## TASK TO COMPLETE
An exact transcription is needed, beginning at the line with "Lewondr Christmas Tree" and ending at the last line of the listing, with pictures left out and nothing else added.

─── TASK DATA ───

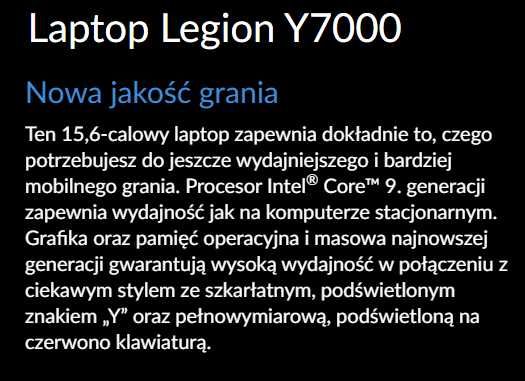 Laptop gamingowy Legion Y7000 Lenovo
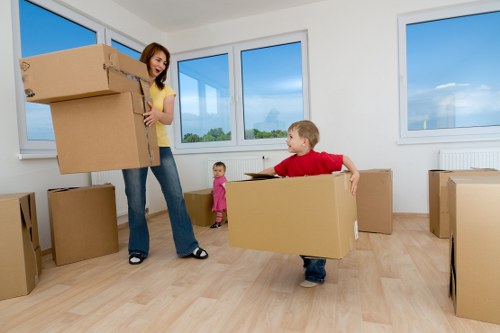 Furniture and boxes loaded for a Kensington move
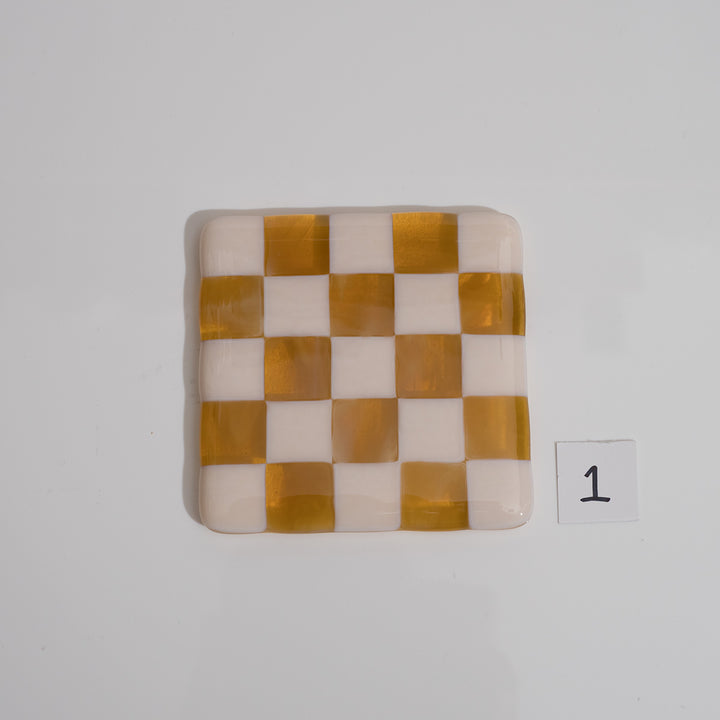 10cm Chequered Almond & Amber Coaster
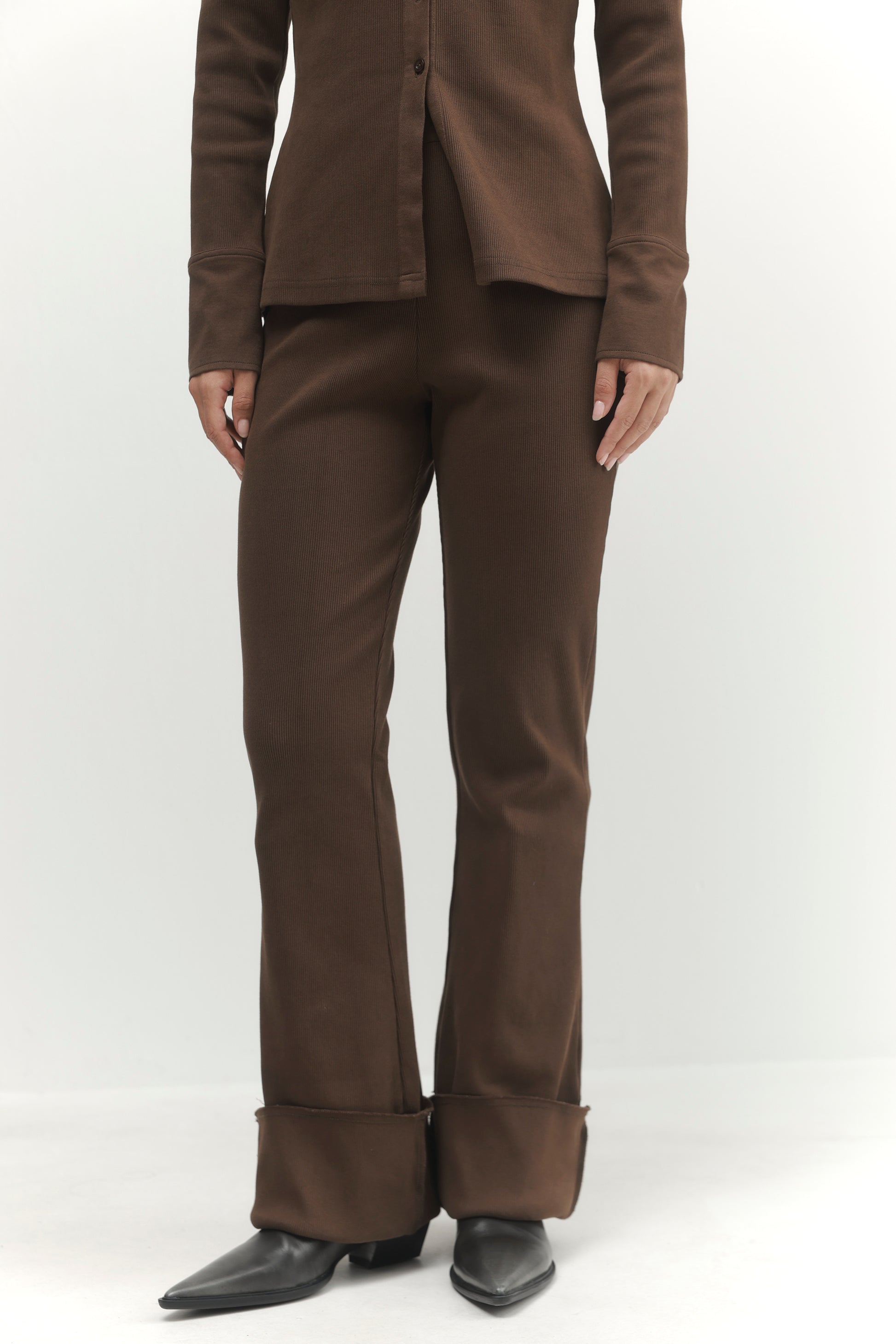 Beige מכנסיים ארוכים לנשים Pleated PAPER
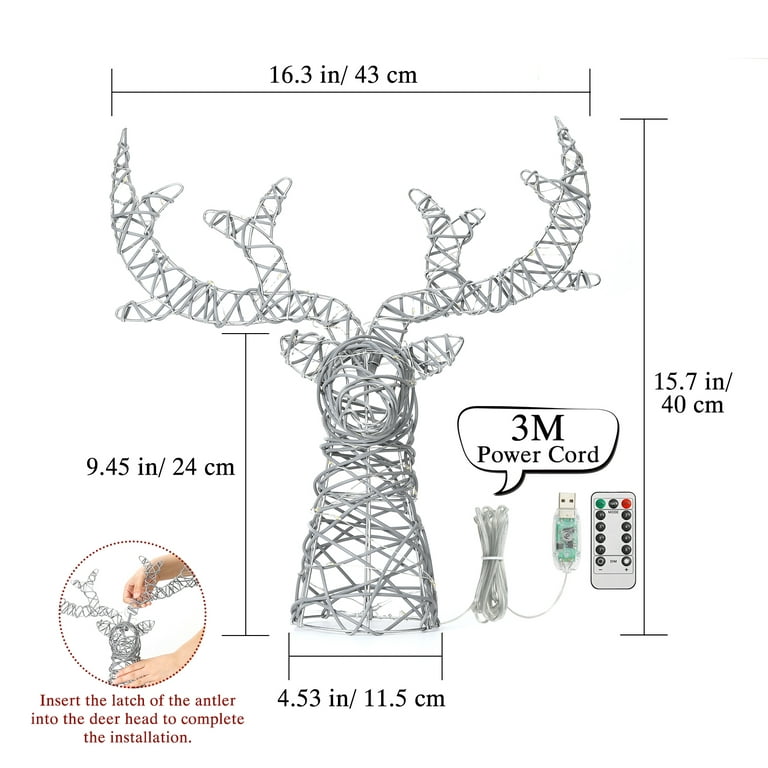 Lewondr Christmas Tree Topper, Remote & USB Operated Tree Topper with  Lights 6H Timer, Metal Frame Deer Tree Topper with 50 Warm Light Beads for  Holiday Home Xmas Tree Decoration,Brown 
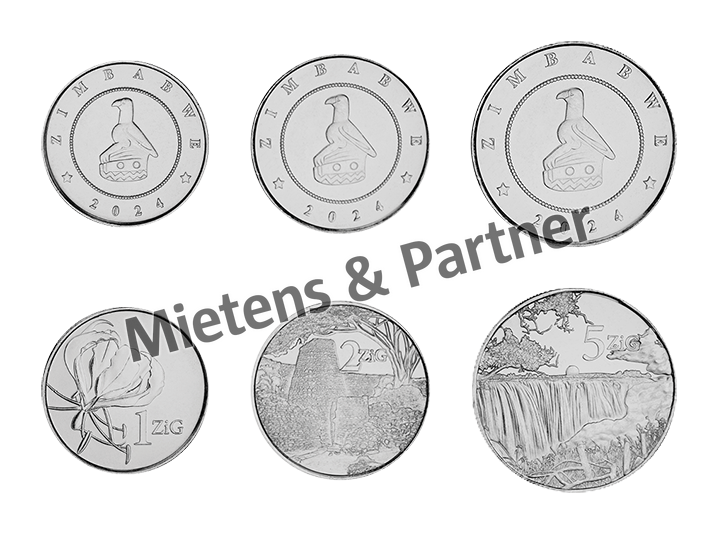 Zimbabwe (Republic) 1, 2, 5 ZiG (70986)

───

## RESULT BELOW
 Lewondr Christmas Tree Topper, Remote & USB Operated Tree Topper with  Lights 6H Timer, Metal Frame Deer Tree Topper with 50 Warm Light Beads for  Holiday Home Xmas Tree Decoration,Brown 
 Zimbabwe (Republic) 1, 2, 5 ZiG (70986)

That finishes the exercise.